VettedSaaS exists to answer one question without flinching: is this the right tool for you. To keep that answer worth trusting, the way we reach it has to be visible. This page is the standard every category, best of list, and verdict on the site is held to.
How a verdict gets made
Every tool in a category is judged against the same five weighted criteria, scored on a 100 point scale. We work from the real product: its current plans, its published pricing, its documented limits, and the workflows it is actually sold to run. We do not score from a feature checklist or a vendor demo, and we do not invent numbers. Where a figure matters, we verify it by web search in the same session we write it, and we date it.

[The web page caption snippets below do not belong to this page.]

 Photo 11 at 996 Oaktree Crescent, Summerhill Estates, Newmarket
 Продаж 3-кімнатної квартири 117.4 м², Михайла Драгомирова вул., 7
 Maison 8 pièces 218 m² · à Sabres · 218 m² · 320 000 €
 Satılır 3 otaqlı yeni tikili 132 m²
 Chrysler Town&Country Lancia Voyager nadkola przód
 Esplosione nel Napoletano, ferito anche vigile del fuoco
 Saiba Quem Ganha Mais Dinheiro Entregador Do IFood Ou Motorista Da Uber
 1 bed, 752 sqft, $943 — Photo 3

No single analyst owns a score. A verdict is drafted against the rubric, then checked by a second reviewer before it publishes. When a tool changes, or when we get something wrong, the verdict changes too, on the record, with the date attached.
Five weighted criteria, the same for every tool in a category.

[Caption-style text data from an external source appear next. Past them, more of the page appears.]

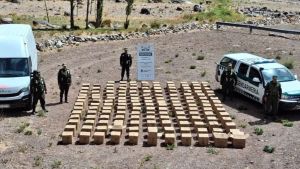 Fuga y persecución en un cruce a Chile: intentaron ingresar a Argentina con una millonaria carga de pirotecnia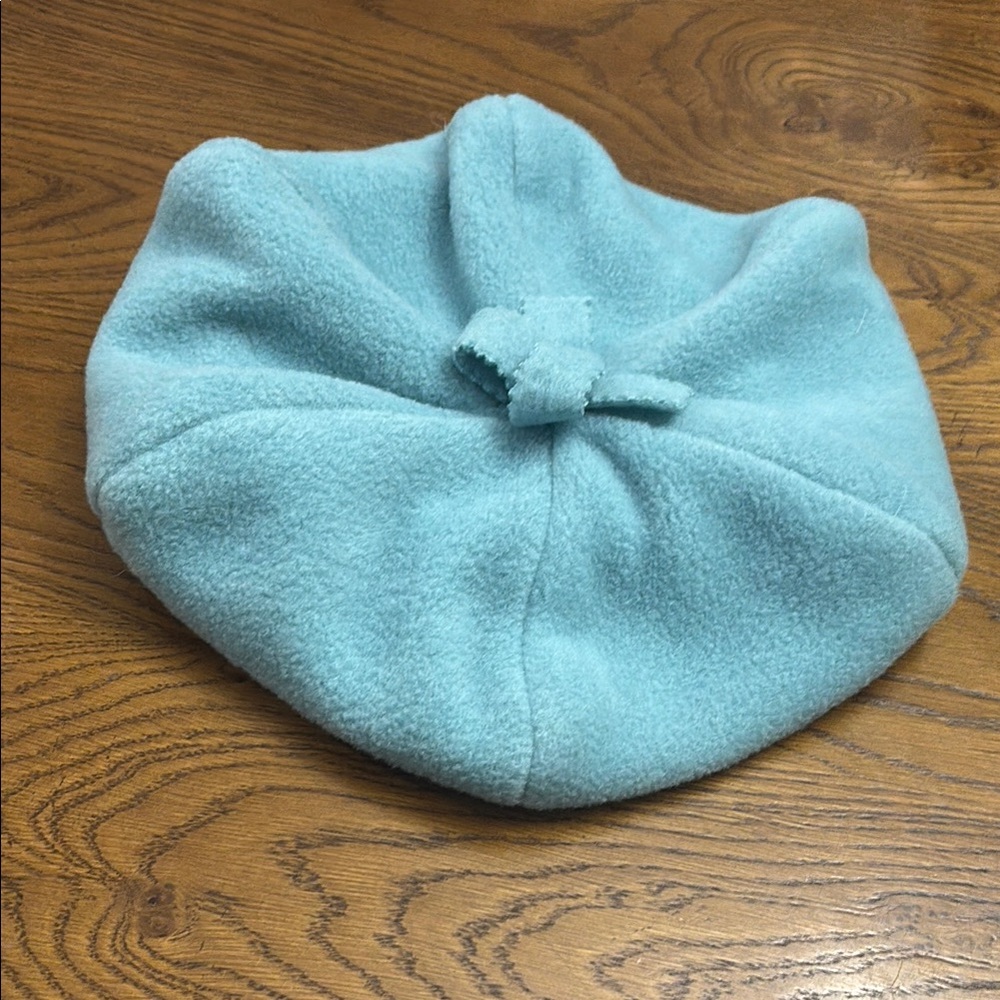 SUTTLES & Seawinds Blue Fleece Beret Style Hat - Picture 1 of 6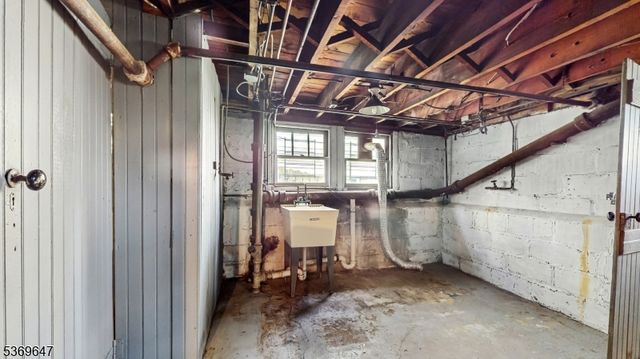 4 Yale Ter, West Orange Twp., NJ 07052
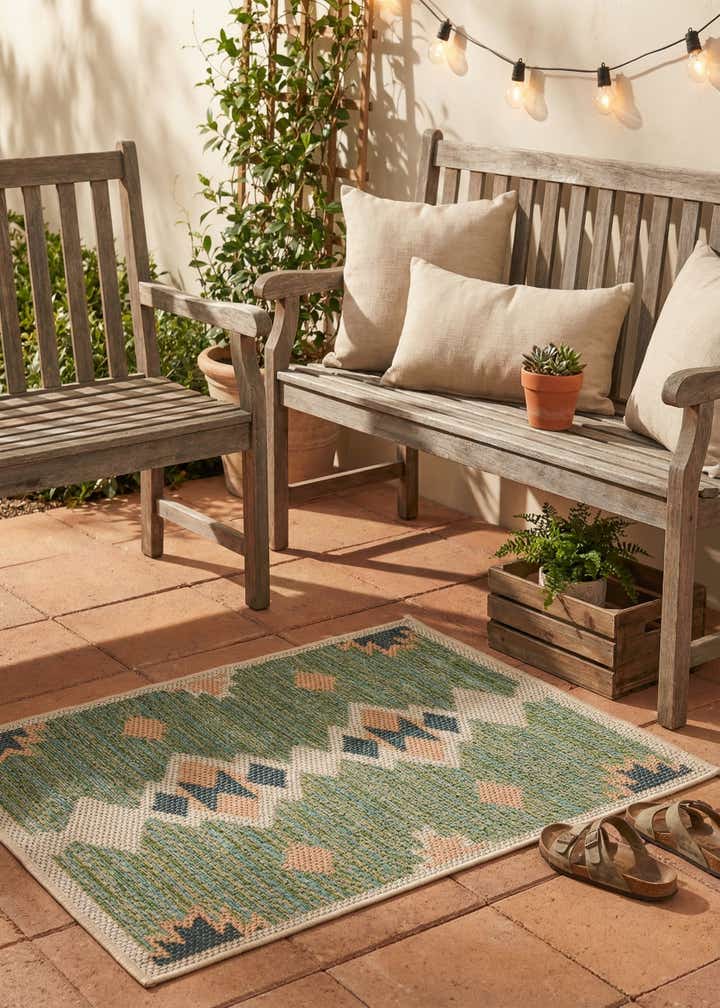 2' x 3' Easy-Clean Baja Indoor / Outdoor Rug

How fast a new user gets to real work. Setup, the learning curve, the daily friction of the interface.
Whether the tool does the job well, not just on the box. Power features, edge cases, and the ceiling you hit at scale.
Published pricing against what you actually get. Plan limits, seat costs, and the price of the tier most teams really need.
How well it fits the stack around it. Native connectors, the API, and the quality of the data that flows both ways.
Getting unstuck. Documentation, response times, migration help, and what is gated behind a higher plan.
Weights shift for some best of lists where a segment demands it, for example price weighted for freelancers or governance weighted for enterprise. When they do, we say so on the page.
The independence rules we do not break
These are not aspirations. They are the conditions under which the site is allowed to publish.
A vendor can buy a labeled listing or link. It can never buy a rank, a score, or a softer conclusion.
Sponsored elements carry a visible tag. Paid and affiliate links use rel="sponsored", with the affiliate disclosure near the first such link on the page.
We do not trade coverage for a free upgrade, and a vendor relationship never earns a place in a ranking.
No invented testing anecdotes, usage hours, quotes, scores, or user counts. We assess against the rubric and name the honest tradeoffs.
For the full scoring scale and how weights are applied, read the methodology. For how money moves through the site, read the disclosure. You can see the rubric in action in our first live cluster, the best CRM software.
No. Rankings are editorial and are never for sale. A paid placement can buy a clearly labeled listing or link, never a rank, a score, or a kinder verdict. The two sides of the business are kept separate on purpose.
Two ways, both disclosed. We earn affiliate commissions when a reader buys through some of our links, and we sell clearly labeled paid placements on the advertise page. Neither changes how a tool scores.
We assess each tool against the same rubric using its real plans, published pricing, and documented limits rather than a sales demo. We name the tradeoffs in plain terms and we do not publish fabricated usage hours, user counts, or invented quotes.
Pricing, tiers, and limits change often, so every commercial page carries a visible last updated date and the month we verified the figures. We re check and correct in public when a tool or its pricing moves.